Анекдот из не столь уже недавнего прошлого: в самом начале перестройки мы были с ним в Амстердаме, и вот в студенческом клубе тамошний студент, узнав, что с ним рядом сам Чудаков, автор той самой «Поэтики Чехова», так обалдел, что никак не мог иначе это выразить – он сказал: – Позвольте Вам предложить сигарету с марихуаной. Саша сказал тогда, что в первый раз понял, что такое слава. «Поэтика Чехова» 1971 года, которая объяснила нам Чехова таким словом, как «случайностность» – не случайная случайность, а случайностность как возведенное в философскую степень качество бытия – термин, образованный автором книги, вероятно, по образцу немецкого философского словообразования.

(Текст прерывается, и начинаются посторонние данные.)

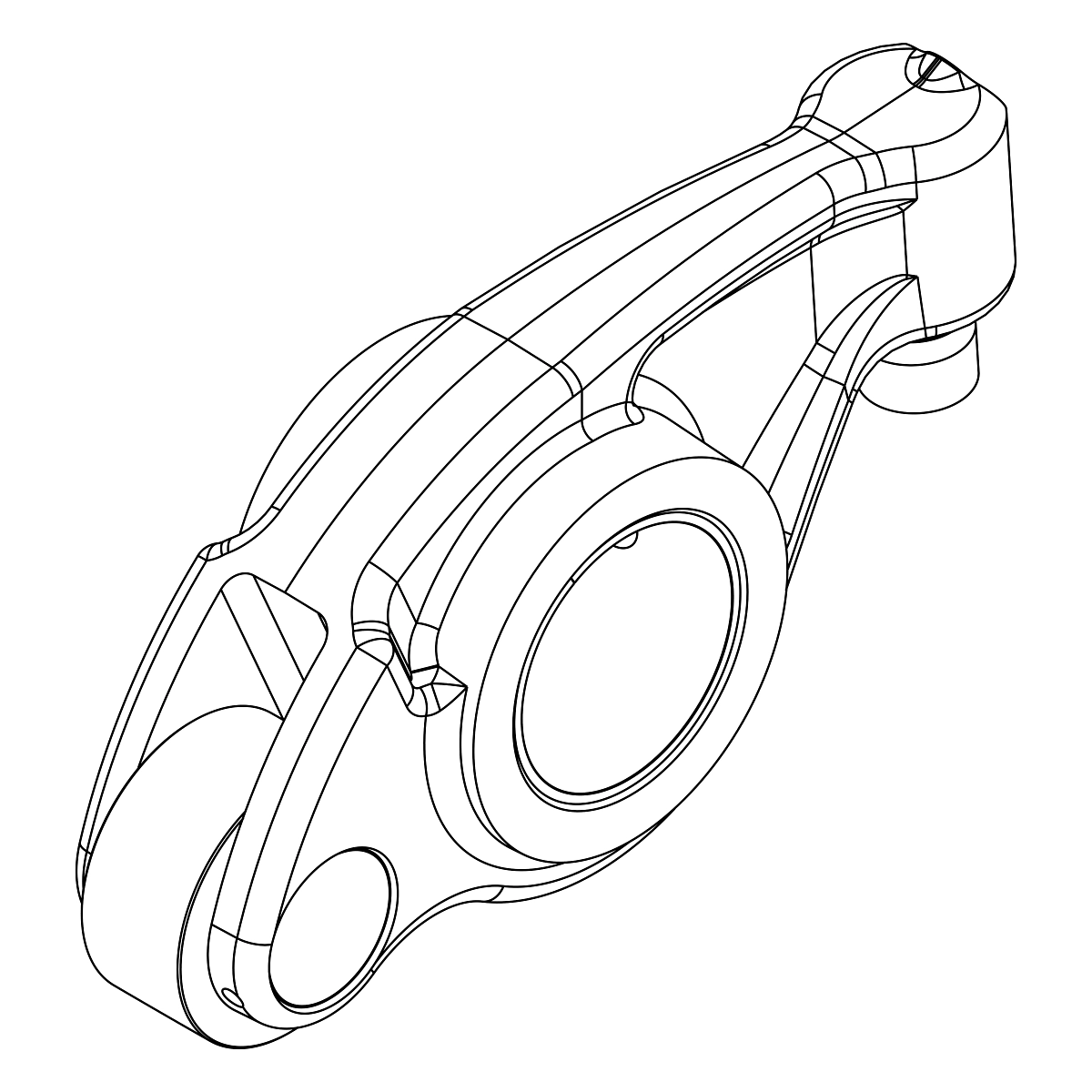 Rocker Arm, Intake Assy W/ Hla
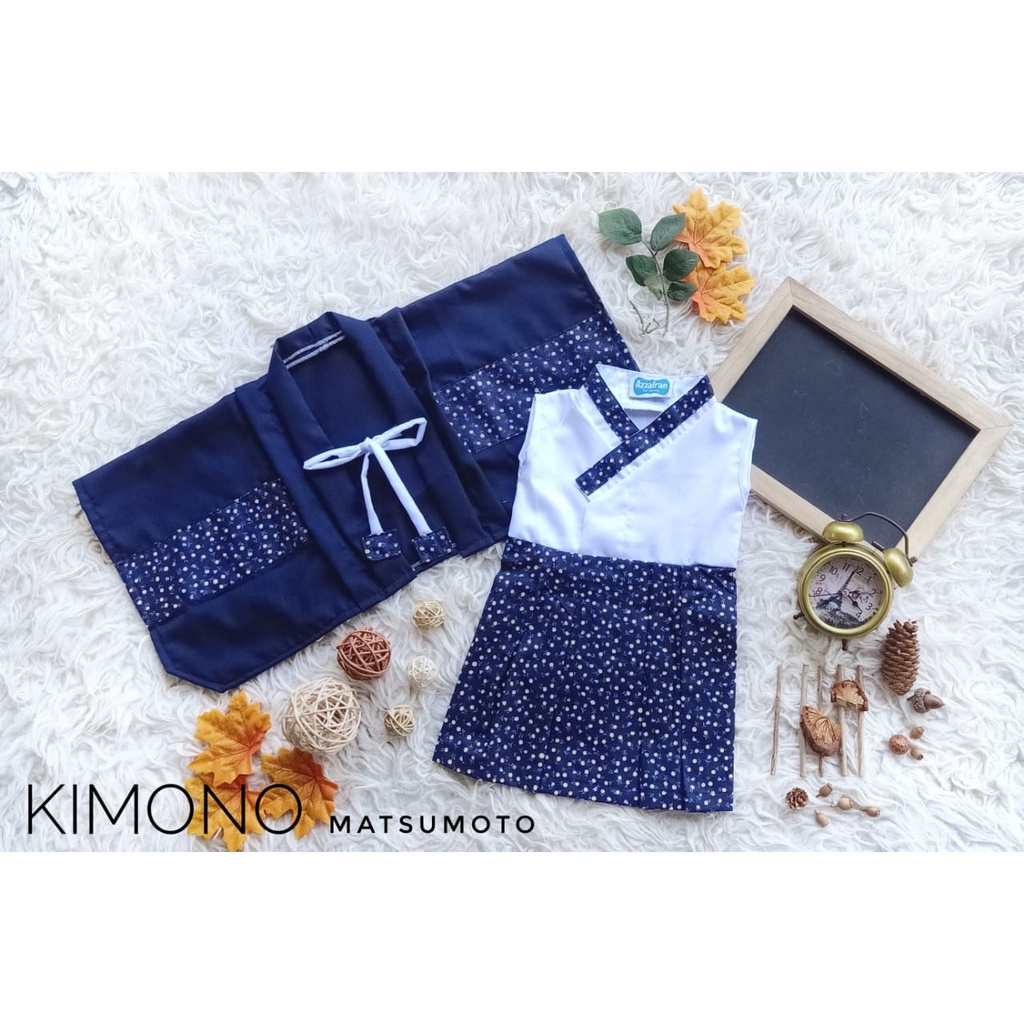 Kimono Matsumoto Anak Unik/baju kimono anak/kimono jepang/Baju Adat jepang/Hanbok Anak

Но, может быть, сказанное о бодром оптимизме – это внешнее впечатление? «И все они умерли» – заключительная глава романа-идиллии Александра Чудакова, названного блоковской строкой. Герой романа, личный герой, в последней главе погружен в мысль о смерти, и первоначальное название романа было – «Смерть деда». Не только, наверное, для меня роман стал открытием в человеке. Мемуариста Чудакова я знал, писателя не подозревал. А филолога, с его излюбленной темой предметного мира в литературе (с тем самым бобровым воротником) я стал узнавать, читая роман. Сколько в нем предметного мира – не литературного, а вынесенного из детства, биографического! Бесчисленные подробности быта ссыльного (или полуссыльного) населения в городке на границе России и Казахстана, где провел свое военное и послевоенное детство автор, – как косили, копали и варили мыло. Как можно было сохранить такую бездну подробностей в памяти? Такая память не бытовая и уже не только личная – писательская, художественная. С любовью к тому самому предметному миру, к человеческой материальной плоти мира.
А вообще роман – исторический. Не только картина эпохи в обилии подробностей, но свидетельство. Свидетельство о том, как русская жизнь сохранялась внутри советской в той полуссыльной среде, о которой я не знаю другого такого литературного свидетельства. Об этом не познанном литературой опыте.
«Смерть деда». Дед – первое и последнее слово романа. «Дед был очень силен». В первой главе в современном армреслинге он кладет руку кузнеца. Я видел, как Саша работает ломом – лед колет. Видел, как он строит дом своими руками. Дом (дача) вышел трехэтажный, вытянутый по вертикали, готический, как собор. Одна знакомая, увидев его, сказала: – Автопортрет.
Высокий, тяжелый, большой человек – этот образ входил и в работу филолога. Мощь физическая, наверное, передавшаяся от деда. Оттого и явление. Александр Чудаков мог стать профессиональным пловцом – знаменитый послевоенный пловец и тренер Леонид Мешков склонял его на эту карьеру. Не пошел – пошел в филологи.